5. The connector recited in claim 4, wherein the barrel members of said contacts at said socket portion are aligned to receive respective output pins from a header of said disk drive.

6. The connector recited in claim 4, wherein said plug member is sized to be received within an electrical receptacle of a ribbon connector having a series of contacts which communicate with said computer by way of a ribbon cable, the blade members of said contacts at said plug portion engaging respective contacts of said ribbon connector so that said blade members are in electrical contact with said computer via said ribbon connector and the ribbon cable thereof.

7. The connector recited in claim 1, wherein the cavities at said socket portion are spaced from one another and arranged in two parallel aligned rows.

8. The connector recited in claim 1, wherein the longitudinally extending channels formed in said plug portion are spaced from one another and arranged in two parallel aligned rows.

9. The connector recited in claim 1, wherein said plurality of contacts are spaced from one another and arranged in two parallel aligned rows, such that the second ends of the contacts in said first row lie in spaced opposition to the second ends of the contacts in the second row.

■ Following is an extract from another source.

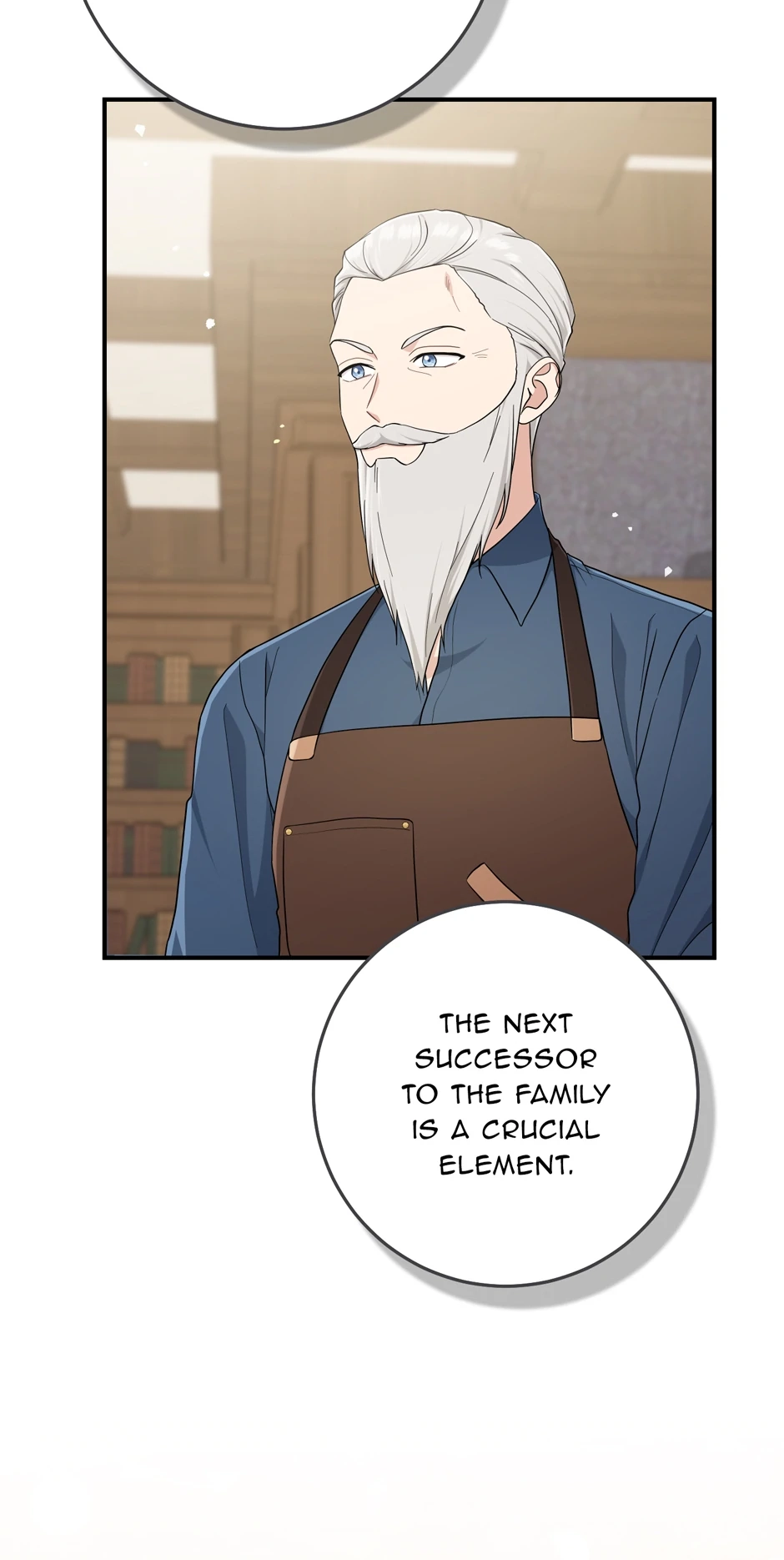 The Unintentionally Ideal Adopted Daughter Chapter 72 page 11 -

10. A connector to permit the output pins from a disk drive to be electrically connected to a computer by way of a ribbon connector and a ribbon cable, said connector comprising:

a socket portion in which a series of spaced, hollow cavities are formed for receiving respective output pins from said disk drive;

a plug portion extending from said socket portion for receipt within a receptacle of said ribbon connector; and

a plurality of contacts, each contact having a hollow barrel end located at one of said said series of cavities formed in said socket portion to receive a respective pin from said disk drive that is received within said cavity and a blade end supported by said plug portion so as to engage a respective contact located at the interior of the receptacle of said ribbon connector.

11. The connector recited in claim 10, further comprising a series of longitudinally extending channels formed in said plug portion for receiving therein respective blade ends of said plurality of contacts, so that said blade ends are aligned for engagement with respective contacts located at the receptacle of said ribbon connector, when said plug portion is inserted within said receptacle.

12. The connector recited in claim 11, wherein the longitudinally extending channels formed in said plug portion are spaced from one another and arranged in two parallel aligned rows.

13. The connector recited in claim 10, wherein the cavities of said socket portion are arranged in two parallel aligned rows.

14. The connector recited in claim 10, wherein said plurality of contacts are spaced from one another and arranged in two parallel aligned rows, such that the blade ends of the contacts in said first row lie in spaced opposition to the blade ends of the contacts in said second row.

15. The connector recited in claim 10, wherein said plug portion has a dimension which is narrow relative to the same dimension of said socket portion, such that only said plug portion is sized to be received within the receptacle of said ribbon connector.